━━━ Data in this exercise
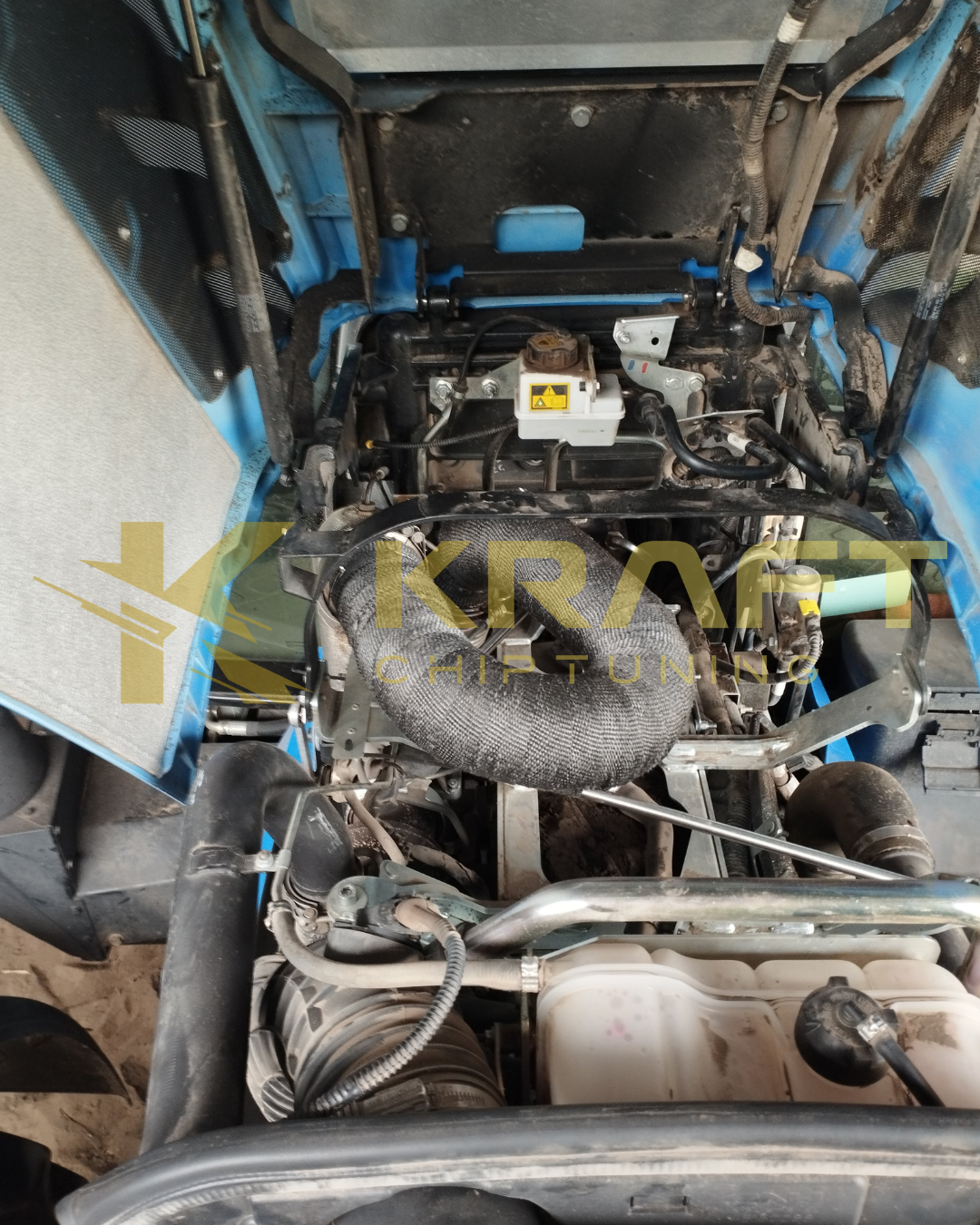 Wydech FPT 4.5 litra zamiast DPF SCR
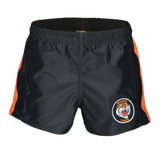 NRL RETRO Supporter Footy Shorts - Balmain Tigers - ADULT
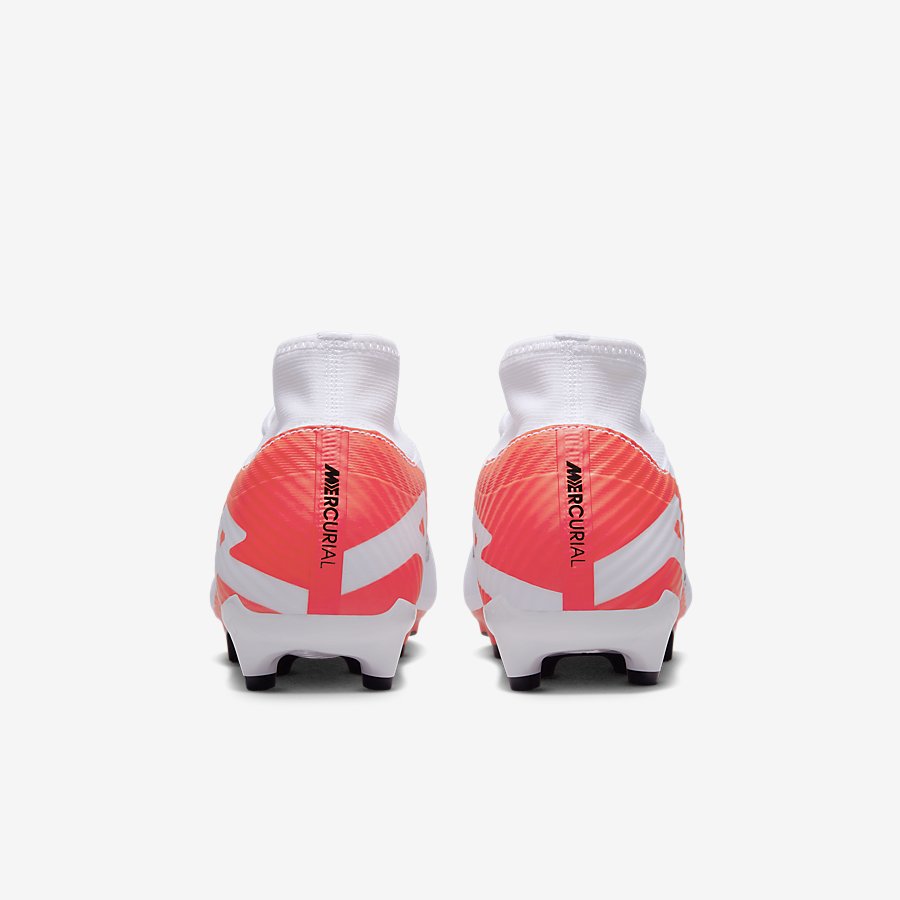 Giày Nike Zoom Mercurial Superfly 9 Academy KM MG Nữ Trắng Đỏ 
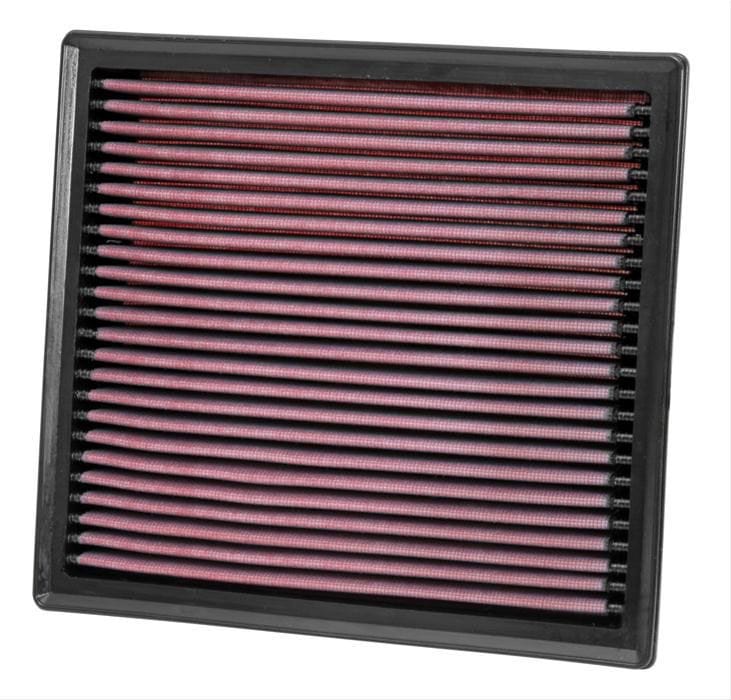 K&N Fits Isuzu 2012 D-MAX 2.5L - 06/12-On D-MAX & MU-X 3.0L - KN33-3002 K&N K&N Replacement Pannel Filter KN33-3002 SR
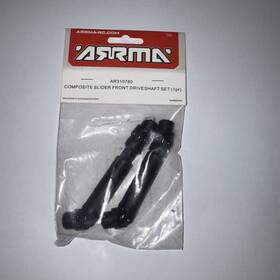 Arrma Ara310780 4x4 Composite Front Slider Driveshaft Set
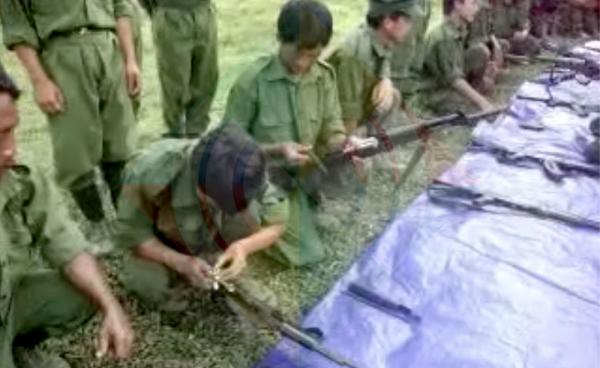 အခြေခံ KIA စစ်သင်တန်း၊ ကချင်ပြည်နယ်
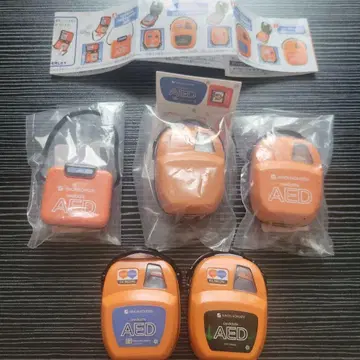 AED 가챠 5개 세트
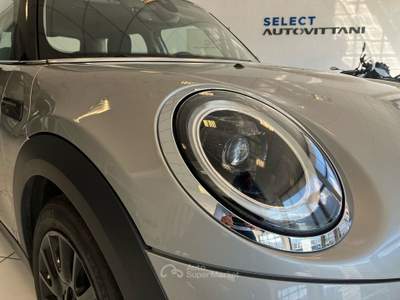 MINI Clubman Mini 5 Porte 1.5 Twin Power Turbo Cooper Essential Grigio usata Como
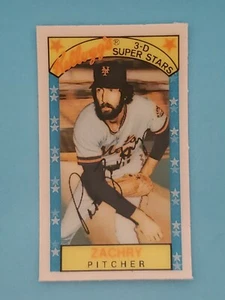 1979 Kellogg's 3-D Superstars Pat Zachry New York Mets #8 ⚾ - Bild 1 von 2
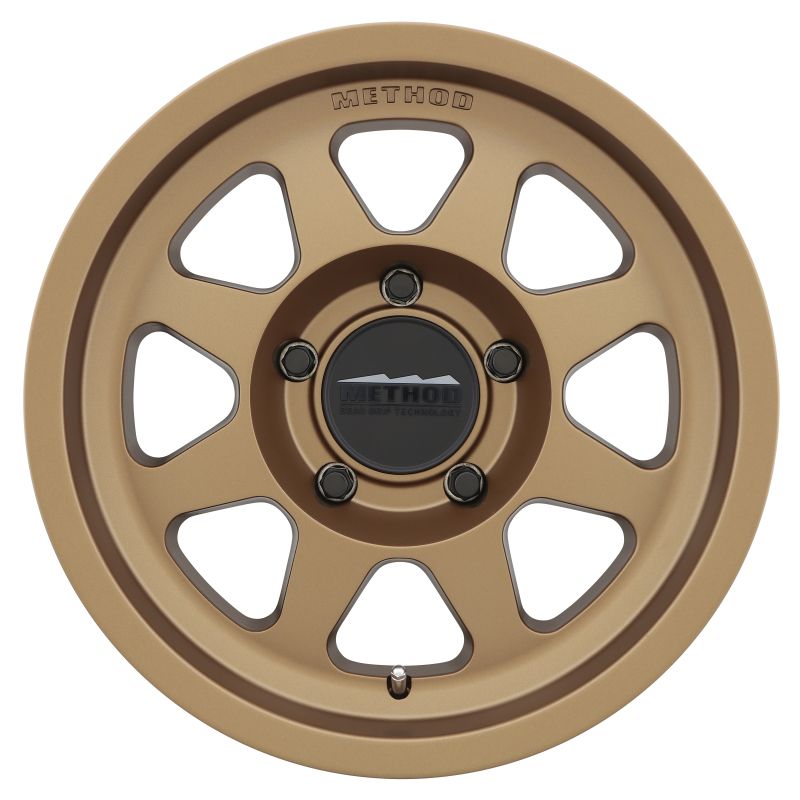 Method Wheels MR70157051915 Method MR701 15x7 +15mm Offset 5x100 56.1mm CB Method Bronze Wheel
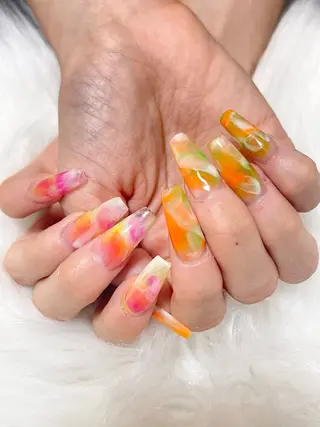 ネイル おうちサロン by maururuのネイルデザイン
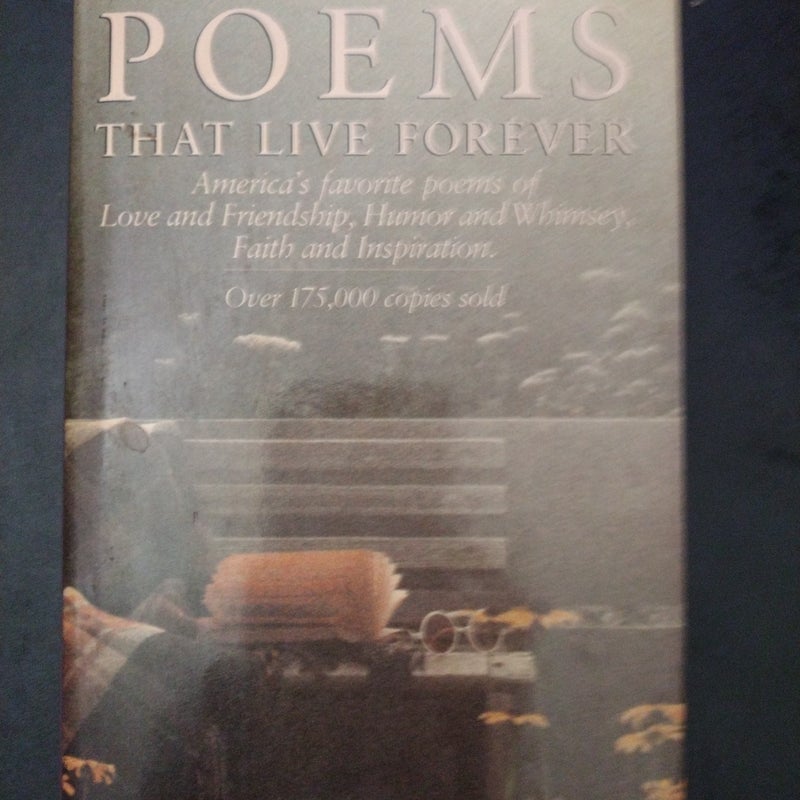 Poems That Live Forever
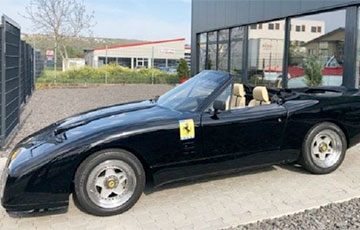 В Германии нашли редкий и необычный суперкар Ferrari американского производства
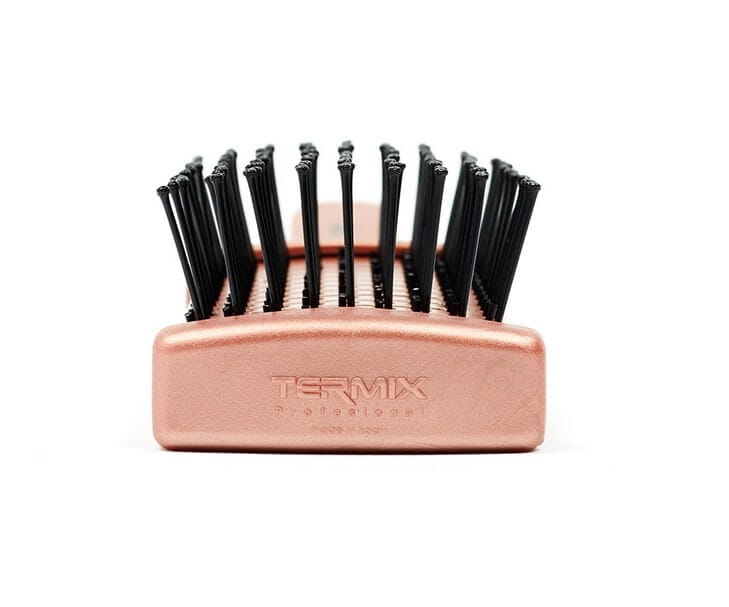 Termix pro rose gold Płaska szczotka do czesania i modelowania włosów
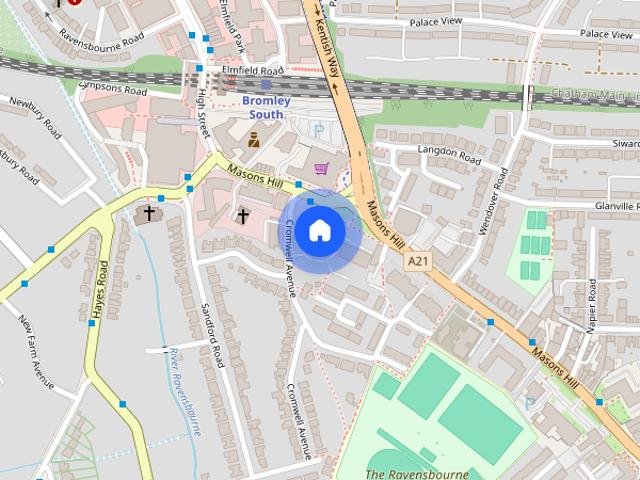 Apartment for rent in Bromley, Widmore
━━━━━━
### Required work
You are asked to output the records precisely as they appear, minus any pictures.

### Exercise answer
 Wydech FPT 4.5 litra zamiast DPF SCR
 NRL RETRO Supporter Footy Shorts - Balmain Tigers - ADULT
 Giày Nike Zoom Mercurial Superfly 9 Academy KM MG Nữ Trắng Đỏ 
 K&N Fits Isuzu 2012 D-MAX 2.5L - 06/12-On D-MAX & MU-X 3.0L - KN33-3002 K&N K&N Replacement Pannel Filter KN33-3002 SR
 Arrma Ara310780 4x4 Composite Front Slider Driveshaft Set
 အခြေခံ KIA စစ်သင်တန်း၊ ကချင်ပြည်နယ်
 AED 가챠 5개 세트
 MINI Clubman Mini 5 Porte 1.5 Twin Power Turbo Cooper Essential Grigio usata Como
 1979 Kellogg's 3-D Superstars Pat Zachry New York Mets #8 ⚾ - Bild 1 von 2
 Method Wheels MR70157051915 Method MR701 15x7 +15mm Offset 5x100 56.1mm CB Method Bronze Wheel
 ネイル おうちサロン by maururuのネイルデザイン
 Poems That Live Forever
 В Германии нашли редкий и необычный суперкар Ferrari американского производства
 Termix pro rose gold Płaska szczotka do czesania i modelowania włosów
 Apartment for rent in Bromley, Widmore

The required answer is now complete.